Para aligeirar um pouco, pelo menos em comparação, chegou a hora de The War On Drugs no Palco SEAT – uma vez mais a sobreposição de horários, já aliada ao desgaste do clima impiedoso, dificultaria que se pudesse ir ver Nils Frahm no Palco Super Bock ou até ABRA no Palco Pitchfork.

O indie rock de Adam Granduciel, ora com toadas quase psicadélicas ora na sua raiz de recheio americana, estava de volta depois de algumas aparições nos anos anteriores em outros festivais portugueses, desta feita para uma nova aclamação muito devida ao novo A Deeper Understanding, de 2017 – tendo em conta os seus quatro discos, o concerto seria dividido apenas entre os temas deste e do seu antecessor, Lost In The Dream. O pontapé de saída deu-se com “Burning”», evidenciando logo as notáveis influências de Bruce Springsteen e Bob Dylan, umas mais musicais outras mais vocais, logo seguida por “Pain”, um dos mais recentes singles, e o seu jeito de balada auspiciosa. De “An Ocean In Between The Waves” a “Red Eyes”, por exemplo, também sobressai o gosto honesto do líder da banda pela guitarra, alcançado quiçá territórios britânicos e aproximando-o também de um Mark Knopfler e os seus Dire Straits, ora puxando-o para terrenos americanos e alcançando um Neil Young. Entre “Strangest Thing”, “Knocked Down” ou “Under The Pressure” permaneceu aquela atmosfera positiva, quase esperançosa, em que havendo ou não remedeio para a intensa chuva que se fazia sentir, o importante era sentir a música e deixarmo-nos transportar para locais só nossos.

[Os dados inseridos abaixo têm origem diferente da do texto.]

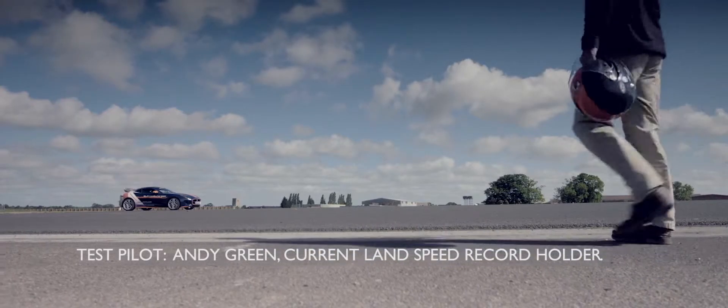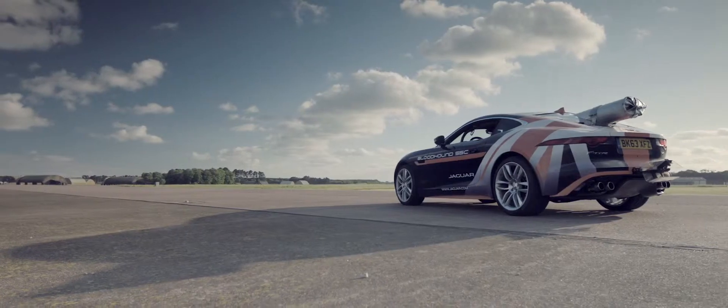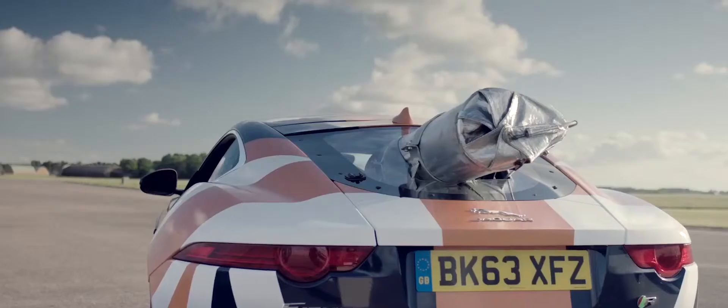Jaguar has done a fantastic job of building a test platform for our parachute system. They've taken the F-Type R, which gives us the structural strength to anchor the parachute.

A viagem final foi proporcionada por Mogwai no Palco NOS, para acabar com todas as poucas energias que ainda restassem. A banda escocesa, das mais influentes dentro do género post-rock e com uma existência já a ultrapassar as duas décadas, percorreu quase a totalidade da sua discografia, desde “Mogwai Fear Satan” do seu primeiro registo de 1997, Young Team, atravessando Rock Action (2001) com “2 Rights Make 1 Wrong” e The Hawk Is Howling (2008) com “I’m Jim Morrison, I’m Dead”, e, eventualmente, aproveitando para apresentar o mais recente Every Country’s Sun através de “Party In The Dark” ou “Old Poisons”.

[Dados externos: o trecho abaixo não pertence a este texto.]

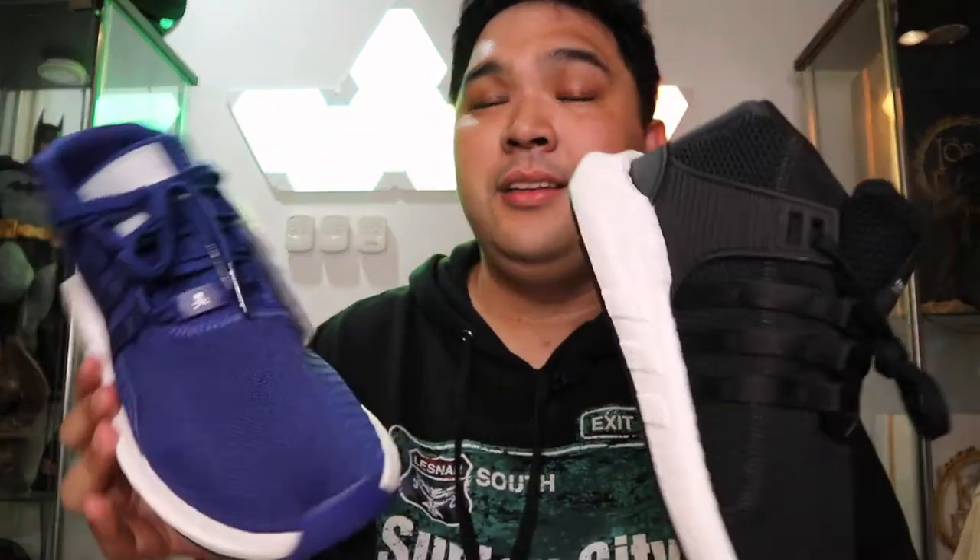Both the black and the blue are available at Commonwealth in Greenbelt 5 for 10,000 pesos each. They also have the rest of the collection including hoodies, sweatshirts, and track pants, so you guys might want to check it out while they still have stocks. At 10,000 pesos each, this is really a good steal considering how fast they're selling out in Japan and other parts of the world and how hard it is to get these on retail. Amazing — thank you Commonwealth for bringing these in!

O som expansivo e introspectivo da banda, equilibrado entre momentos de real peso carregado de distorção – chegaram a sentir-se as vibrações de três guitarras ao mesmo tempo! – com instantes mais calmos que pediam para fechar os olhos e sentir as gotas que pingavam na face, revelou-se como a escolha mais que indicada para fechar com chave de ouro o que fora uma verdadeira montanha-russa emocional – tanto de dia como de festival.

Se teríamos dispensado a chuva? Claro que sim. Se sem chuva alguns concertos se tornariam tão memoráveis? Fica a questão. Optemos assim, agora já no calor do lar, por desejar que a próxima edição seja igualmente marcante, como tantas vezes já o têm sido.